Una noche Fray Diego tuvo una pesadilla y forzado por un impulso divino, se levantó en sueños, y se fue al aposento de Raimundo y con voces alteradas, se despertó diciendo: "Santo, Padre, vamos a la guerra contra los moros". "Vamos a la guerra!". Raimundo, le despidió con amor y con blandura, diciéndole: “ Que la verdadera guerra del monje había de ser la quietud y soledad, hacer penitencia y llorar sus culpas y las del pueblo”. Fray Diego sentía en sus venas el fuego del caballero de antaño, hoy monje. 

Raimundo accedió a la lucha por la revelación que su deber era proteger el cristianismo de su amenaza. Al no ofrecerse más alternativas, el rey entregó Calatrava a los monjes de Fitero. Raimundo, con los monjes traídos de Fitero más un ejército formado por campesinos y artesanos, predicó con fervor una cruzada y logró reunir hasta veinte mil hombres para defender y habitar aquella comarca. A los que se añadieron los que había conseguido organizar Diego Velázquez en las cercanías de Calatrava. La ciudad tenía una gran importancia estratégica como baluarte avanzado de Toledo ante los moros. Mientras tanto, Diego, antiguo guerrero, organizaba la resistencia, entrenaba a los cruzados, guerreaba con los enemigos y salvaba la plaza. Ante tal multitud, los árabes huyeron hacia el sur.

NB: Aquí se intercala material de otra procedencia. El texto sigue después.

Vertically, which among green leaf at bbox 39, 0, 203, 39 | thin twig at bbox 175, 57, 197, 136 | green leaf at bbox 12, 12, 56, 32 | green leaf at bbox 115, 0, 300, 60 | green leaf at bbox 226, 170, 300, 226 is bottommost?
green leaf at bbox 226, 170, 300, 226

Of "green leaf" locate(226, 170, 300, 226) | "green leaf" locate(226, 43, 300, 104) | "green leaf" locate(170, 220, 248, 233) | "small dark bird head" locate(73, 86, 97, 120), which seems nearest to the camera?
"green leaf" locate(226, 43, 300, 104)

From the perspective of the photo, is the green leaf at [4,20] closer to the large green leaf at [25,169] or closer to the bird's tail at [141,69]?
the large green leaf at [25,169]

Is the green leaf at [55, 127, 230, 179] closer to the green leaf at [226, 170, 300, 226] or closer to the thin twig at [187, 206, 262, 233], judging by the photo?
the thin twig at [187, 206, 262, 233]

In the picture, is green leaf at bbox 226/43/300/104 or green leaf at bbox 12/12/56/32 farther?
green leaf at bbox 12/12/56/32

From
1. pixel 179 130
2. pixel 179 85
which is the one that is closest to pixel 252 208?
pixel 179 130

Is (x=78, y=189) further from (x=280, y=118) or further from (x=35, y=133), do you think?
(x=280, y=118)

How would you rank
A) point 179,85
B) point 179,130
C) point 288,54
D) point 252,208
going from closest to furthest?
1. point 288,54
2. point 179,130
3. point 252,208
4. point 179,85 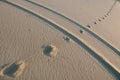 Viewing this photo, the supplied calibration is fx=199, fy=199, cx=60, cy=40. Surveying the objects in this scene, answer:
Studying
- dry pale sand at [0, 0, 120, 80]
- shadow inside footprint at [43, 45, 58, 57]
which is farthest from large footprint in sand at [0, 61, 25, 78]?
shadow inside footprint at [43, 45, 58, 57]

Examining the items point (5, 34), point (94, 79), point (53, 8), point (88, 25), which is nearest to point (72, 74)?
point (94, 79)

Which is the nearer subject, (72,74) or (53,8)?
(72,74)

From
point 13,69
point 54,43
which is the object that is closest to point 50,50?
point 54,43

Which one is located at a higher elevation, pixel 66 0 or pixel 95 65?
pixel 95 65

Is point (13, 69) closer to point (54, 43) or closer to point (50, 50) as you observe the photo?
point (50, 50)

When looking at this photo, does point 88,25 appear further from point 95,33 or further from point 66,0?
point 66,0

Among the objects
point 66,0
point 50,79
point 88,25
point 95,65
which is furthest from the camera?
point 66,0

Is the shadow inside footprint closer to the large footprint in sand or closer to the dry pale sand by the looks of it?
the dry pale sand

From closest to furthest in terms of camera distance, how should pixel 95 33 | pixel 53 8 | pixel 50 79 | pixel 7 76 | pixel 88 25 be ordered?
pixel 7 76
pixel 50 79
pixel 95 33
pixel 88 25
pixel 53 8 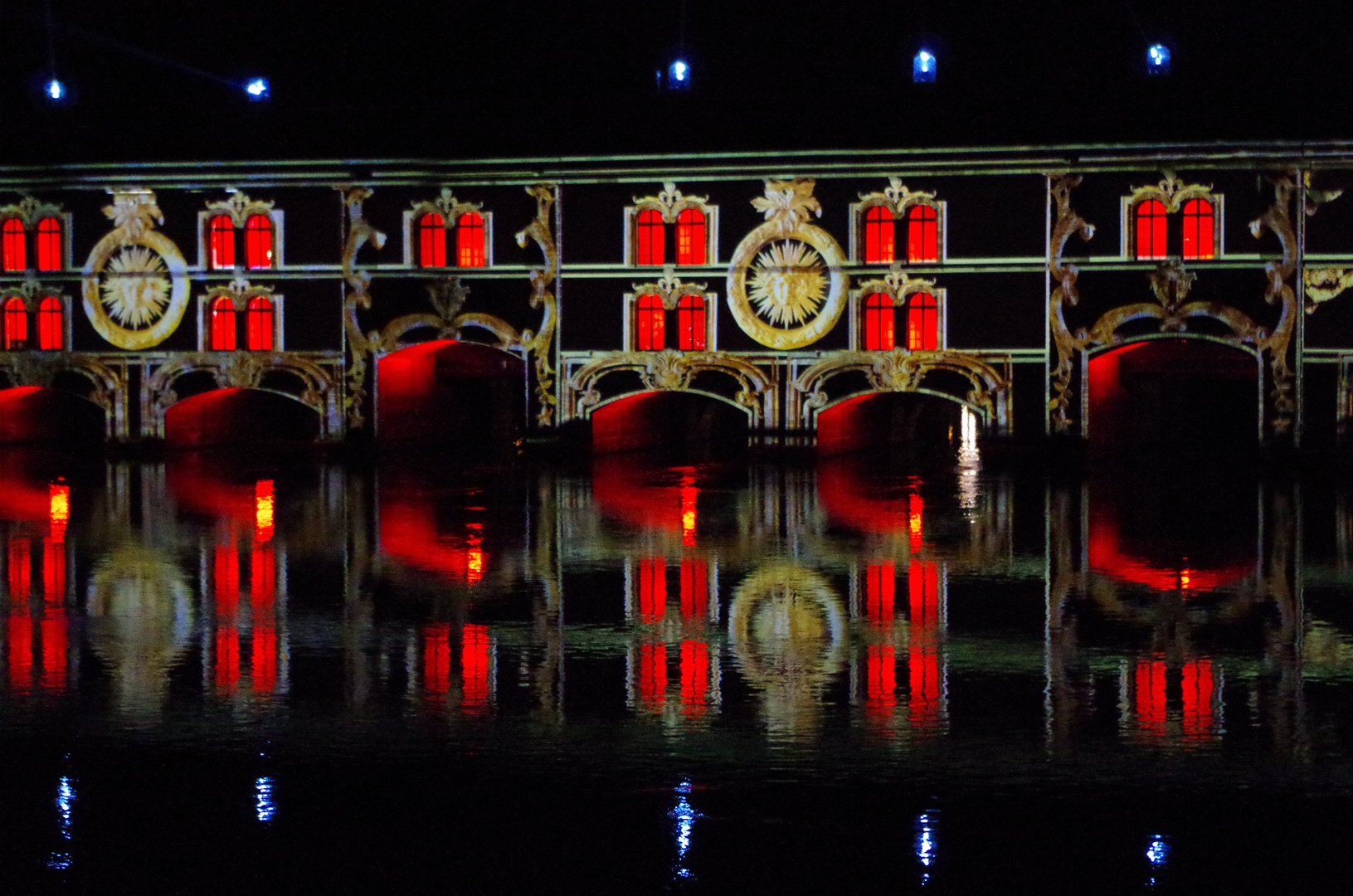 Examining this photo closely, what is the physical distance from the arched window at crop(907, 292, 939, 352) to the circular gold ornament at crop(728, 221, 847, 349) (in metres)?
1.47

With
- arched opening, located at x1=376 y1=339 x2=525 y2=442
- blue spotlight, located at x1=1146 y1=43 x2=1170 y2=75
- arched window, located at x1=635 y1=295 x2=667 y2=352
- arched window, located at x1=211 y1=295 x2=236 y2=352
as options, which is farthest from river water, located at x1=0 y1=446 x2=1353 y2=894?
blue spotlight, located at x1=1146 y1=43 x2=1170 y2=75

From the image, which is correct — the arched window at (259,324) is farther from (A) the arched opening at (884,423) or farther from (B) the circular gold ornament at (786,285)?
(A) the arched opening at (884,423)

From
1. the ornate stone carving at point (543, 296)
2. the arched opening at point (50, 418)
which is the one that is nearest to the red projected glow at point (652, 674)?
the ornate stone carving at point (543, 296)

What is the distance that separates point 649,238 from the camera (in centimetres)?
3894

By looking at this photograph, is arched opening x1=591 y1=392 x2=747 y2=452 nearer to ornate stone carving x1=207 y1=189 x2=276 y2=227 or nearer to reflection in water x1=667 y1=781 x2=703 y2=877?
ornate stone carving x1=207 y1=189 x2=276 y2=227

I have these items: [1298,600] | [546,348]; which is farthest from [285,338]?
[1298,600]

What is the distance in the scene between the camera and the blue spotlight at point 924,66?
43.1 metres

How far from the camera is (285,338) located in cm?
4059

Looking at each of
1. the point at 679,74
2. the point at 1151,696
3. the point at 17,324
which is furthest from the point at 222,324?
the point at 1151,696

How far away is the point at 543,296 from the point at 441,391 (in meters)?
5.44

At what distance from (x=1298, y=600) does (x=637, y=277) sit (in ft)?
73.5

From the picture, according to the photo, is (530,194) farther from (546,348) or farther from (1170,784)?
(1170,784)

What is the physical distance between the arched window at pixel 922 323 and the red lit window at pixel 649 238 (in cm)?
544

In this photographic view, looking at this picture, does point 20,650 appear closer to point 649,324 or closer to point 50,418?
point 649,324
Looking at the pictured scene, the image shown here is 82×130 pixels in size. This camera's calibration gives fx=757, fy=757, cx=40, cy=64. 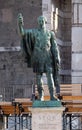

Con sus numerosas huestes, mitad monjes, mitad soldados, se organiza la Orden militar de Calatrava "leones en tiempo de guerra, corderos en tiempo de paz", de la que Raimundo es proclamado Primer Gran Maestre.
La Orden de Calatrava, fue la primera orden religioso-militar creada en España, para defender la cristiandad frente al empuje bélico del islam. Fue fundada en la fortaleza de Calatrava en el año 1158, después de que los templarios no se vieran con coraje suficiente para defenderla de los ataques musulmanes.
Al ver la buena organización y sus éxitos, el Papa Alejandro III la confirmó el 25 de septiembre de 1164, y confirmada después por Gregorio VIII e Inocencio III. El fundador adoptó la regla de San Benito, y la Orden fue enriquecida con multitud de donaciones por parte de los monarcas. Asimismo le fueron concedidos muy valiosos privilegios. 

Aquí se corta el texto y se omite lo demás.